在正常情况下，仅由上层应用命令节点进行快照即可。但如果节点出现落后或者崩溃，情况则变得更加复杂。考虑一个日志非常落后的节点 i，当 Leader 向其发送 AppendEntries RPC 时，nextIndex[i] 对应的 entry 已被丢弃，压缩在快照中。这种情况下， Leader 就无法对其进行 AppendEntries。取而代之的是，这里我们应该实现一个新的 InstallSnapshot RPC，将 Leader 当前的快照直接发送给非常落后的 Follower。

何时快照？

服务端触发的日志压缩:上层应用发送快照数据给Raft实例。
leader 发送来的 InstallSnapshot:领导者发送快照RPC请求给追随者。当raft收到其他节点的压缩请求后，先把请求上报给上层应用，然后上层应用调用rf.CondInstallSnapshot()来决定是否安装快照

流程梳理

快照是状态机中的概念，需要在状态机中加载快照，因此要通过applyCh将快照发送给状态机，但是发送后Raft并不立即保存快照，而是等待状态机调用 CondInstallSnapshot()，如果从收到InstallSnapshot()后到收到CondInstallSnapshot()前，没有新的日志提交到状态机，则Raft返回True，Raft和状态机保存快照，否则Raft返回False，两者都不保存快照。

如此保证了Raft和状态机保存快照是一个原子操作(SaveStateAndSnapshot)。当然在InstallSnapshot()将快照发送给状态机后再将快照保存到Raft，令CondInstallSnap()永远返回True，也可以保证原子操作，但是这样做必须等待快照发送给状态机完成，但是rf.applyCh <- ApplyMsg是有可能阻塞的，由于InstallSnapshot()需要持有全局的互斥锁，这可能导致整个节点无法工作。

服务端触发的日志压缩: 上层应用发送快照数据给Raft实例。
leader 发送来的 InstallSnapshot: Leader发送快照RPC请求给Follower。当raft收到其他节点的压缩请求后，先把请求上报给上层应用，然后上层应用调用rf.CondInstallSnapshot()来决定是否安装快照(SaveStateAndSnapshot)

compaction

相关函数解析

服务端触发的Log Compact

func (rf *Raft) Snapshot(index int, snapshot []byte) 应用程序将index（包括）之前的所有日志都打包为了快照，即参数snapshot [] byte。那么对于Raft要做的就是，将打包为快照的日志直接删除，并且要将快照保存起来，因为将来可能会发现某些节点大幅度落后于leader的日志，那么leader就直接发送快照给它，让他的日志“跟上来”。

 1
 2
 3
 4
 5
 6
 7
 8
 9
10
11
12
13
14
15
16
17
18
19
20
func (rf *Raft) Snapshot(index int, snapshot []byte) {
	// Your code here (2D).

	rf.mu.Lock()
	defer rf.mu.Unlock()

	lastSnapshotIndex := rf.getFirstLog().Index
	// 当前节点的firstLogIndex 比要添加的Snapshot LastIncludedIndex 大，说明已经存在了Snapshot 包含了更多的log
	if index <= lastSnapshotIndex {
		DPrintf("[Snapshot] - {Node %v} rejects replacing log with snapshotIndex %v as current lastSnapshotIndex %v is larger in term %v", rf.me, index, lastSnapshotIndex, rf.currentTerm)
		return
	}
	// 新的日志索引包含了 LastIncludedIndex 这个位置，因为要把它作为dummpy index
	rf.logs = shrinkEntriesArray(rf.logs[index-lastSnapshotIndex:])
	rf.logs[0].Command = nil
	rf.persister.SaveStateAndSnapshot(rf.encodeState(), snapshot)

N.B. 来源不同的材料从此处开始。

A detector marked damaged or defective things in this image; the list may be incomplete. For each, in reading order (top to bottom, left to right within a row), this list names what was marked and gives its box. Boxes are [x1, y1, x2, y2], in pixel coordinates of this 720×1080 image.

	DPrintf("[Snapshot] - {Node: %v}'s state is {state %v, term %v, commitIndex %v, lastApplied %v, firstLog %v, lastLogLog %v} after replacing log with snapshotIndex %v as lastSnapshotIndex %v is smaller",
		rf.me, rf.state, rf.currentTerm, rf.commitIndex, rf.lastApplied, rf.getFirstLog(), rf.getLastLog(), index, lastSnapshotIndex)
}

由 Leader 发送来的 InstallSnapshot

func (rf *Raft) InstallSnapshot(req *InstallSnapshotReq, resp *InstallSnapshotResp)

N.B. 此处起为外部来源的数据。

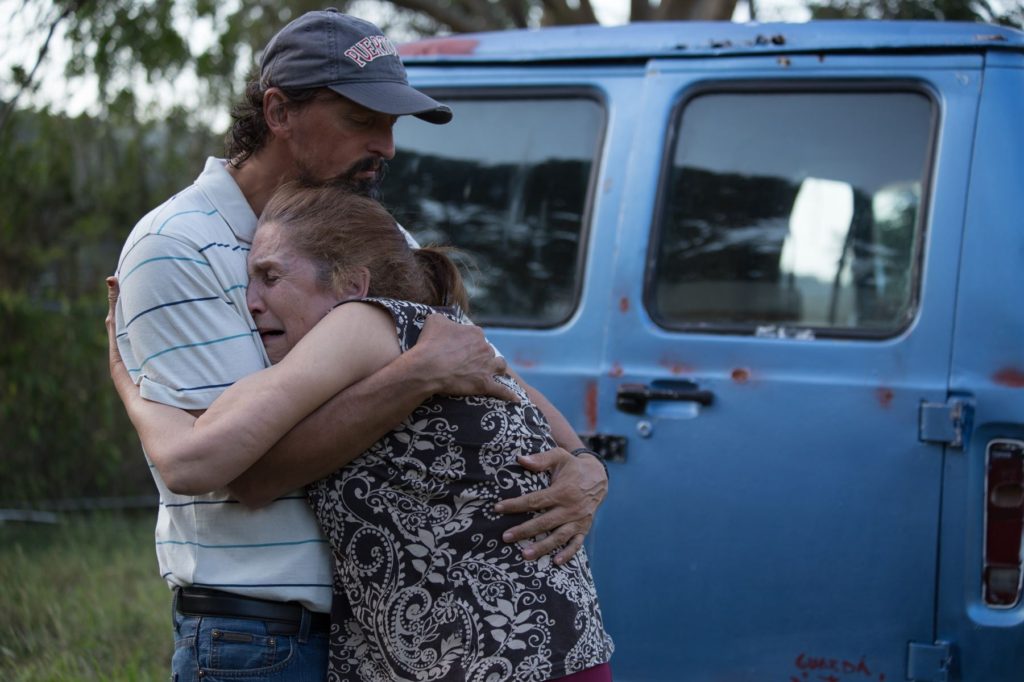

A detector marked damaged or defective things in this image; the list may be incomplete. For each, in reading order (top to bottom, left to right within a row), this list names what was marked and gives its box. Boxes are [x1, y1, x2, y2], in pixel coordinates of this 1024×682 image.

red rust stain [400, 37, 480, 55]
blue rusty van [386, 21, 1024, 680]
red rust stain [516, 354, 540, 370]
red rust stain [660, 354, 692, 374]
red rust stain [996, 366, 1024, 388]
red rust stain [584, 382, 600, 430]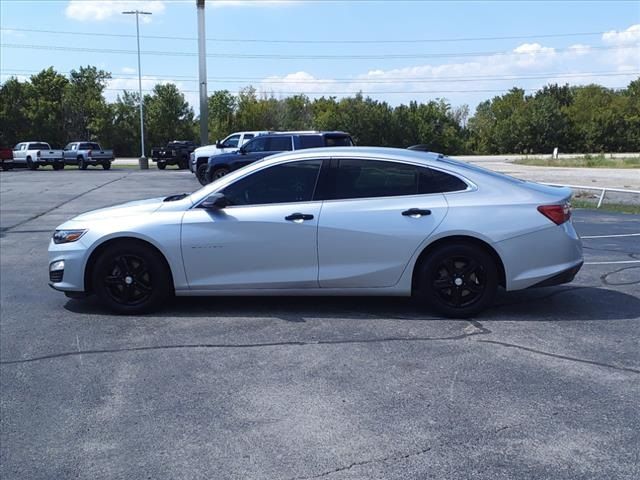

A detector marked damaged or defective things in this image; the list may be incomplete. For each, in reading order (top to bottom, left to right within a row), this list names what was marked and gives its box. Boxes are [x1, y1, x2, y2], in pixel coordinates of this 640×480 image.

cracked pavement [1, 167, 640, 478]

对于 leader 发过来的 InstallSnapshot，只需要判断 term 是否正确，如果无误则 follower 只能无条件接受。

 1
 2
 3
 4
 5
 6
 7
 8
 9
10
11
12
13
14
15
16
17
18
19
20
21
22
23
24
25
26
27
28
29
30
31
32
33
34
35
36
37
38
39
40
func (rf *Raft) InstallSnapshot(req *InstallSnapshotReq, resp *InstallSnapshotResp) {
	rf.mu.Lock()
	defer rf.mu.Unlock()
	defer DPrintf("[InstallSnapshot] - {Node %v}'s state is {state %v,term %v,commitIndex %v,lastApplied %v,firstLog %v,lastLog %v} before processing InstallSnapshotRequest %v and reply InstallSnapshotResponse %v",
		rf.me, rf.state, rf.currentTerm, rf.commitIndex, rf.lastApplied, rf.getFirstLog(), rf.getLastLog(), req, resp)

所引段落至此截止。